It has already been stated that fresh milk of the cow is the best substitute for the mother's-milk. Some additional observations as to the management of cow's-milk, and as to the substitutes therefor, may, however, be necessary. There can be no doubt that cow's-milk is better than goats' or asses' as a rule, although there are infants who thrive on the two last-named better. In the large cities where it is impossible to procure fresh milk, condensed milk is an efficient substitute. As in the preparation of this the temperature is raised to near the boiling-point of water, it undergoes no change, and can be used when fresh milk is not to be procured, or can not be preserved. Condensed milk is ready for use by mixing it with water in the proportion of one teaspoonful of milk to seven of warm water.
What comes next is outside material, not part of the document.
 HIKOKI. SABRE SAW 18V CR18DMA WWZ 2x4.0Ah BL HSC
When the addition of lime-water is desirable, it can be added in proper proportion. In the author's experience, children, with few exceptions, do well on condensed milk.
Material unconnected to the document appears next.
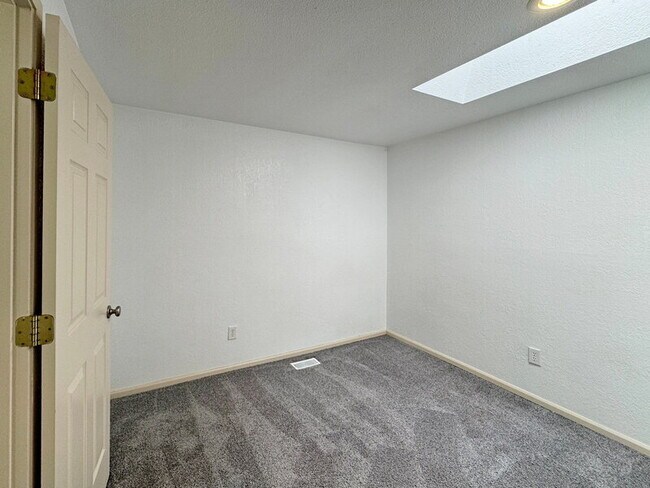 Building Photo - 17824 66th Pl W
Casein is that constituent of milk which is most likely to disagree with infants. Dilution with water, lime-water, barley-water, etc., is not infrequently effective in securing the digestion and absorption of the casein; but some infants are unable to digest it at all. Various expedients are resorted to when the casein fails entirely of digestion. Cream diluted with barley-water sometimes succeeds extremely well. The indigestion of the casein of a given specimen of milk may be due to an insufficient quantity of cream; this defect can be obviated by adding it artificially. When the infant is not nourished sufficiently, and yet does not pass undigested casein, the proportion of cream is probably too low. To assist the digestion of casein, Jacobi recommends that a little well-sweetened oatmeal-gruel be given the infant before taking the bottle, or be mixed with the milk. His method of preparing the food is as follows:

"A teaspoonful of either oatmeal or barley is boiled in from three to six ounces of water, with some salt, for twelve or fifteen minutes, the decoction to be quite thin for very young infants, thicker for later months, and then strained through a linen cloth. Infants of four or six months are to have equal parts of this decoction, which ought to be made fresh for every meal; and boiled and skimmed cow's-milk and sugar are to be added. At an early age, the thin decoction; at a later, the milk ought to prevail in the mixture, which ought to be given at a temperature of 80° to 90°; ought to be neutralized, when acid, with a few grains of bicarbonate or carbonate of potassa or soda, and, until infants are eight or ten months old, thin enough to be taken through a nursing-bottle."

Various substitutes have been proposed for cow's-milk; but they are at best constructed on doubtful principles, and vary greatly in composition. Liebig's preparation has had the greatest celebrity, because of the reputation of its inventor, rather than of its intrinsic merit. It is prepared as follows: An ounce of wheaten flour is mixed with ten ounces of milk; it is then boiled for ten minutes, removed from the fire, and allowed to cool to 90° Fahr. An ounce of malt-powder containing fifteen grains of potassium bicarbonate, and two ounces of water, are then stirred into it, and the vessel, covered, stands for an hour and a half at a temperature of 100° Fahr. It is boiled for a few minutes again, and then strained, when it is ready for use. The object of the malt is to transform the starch into glucose.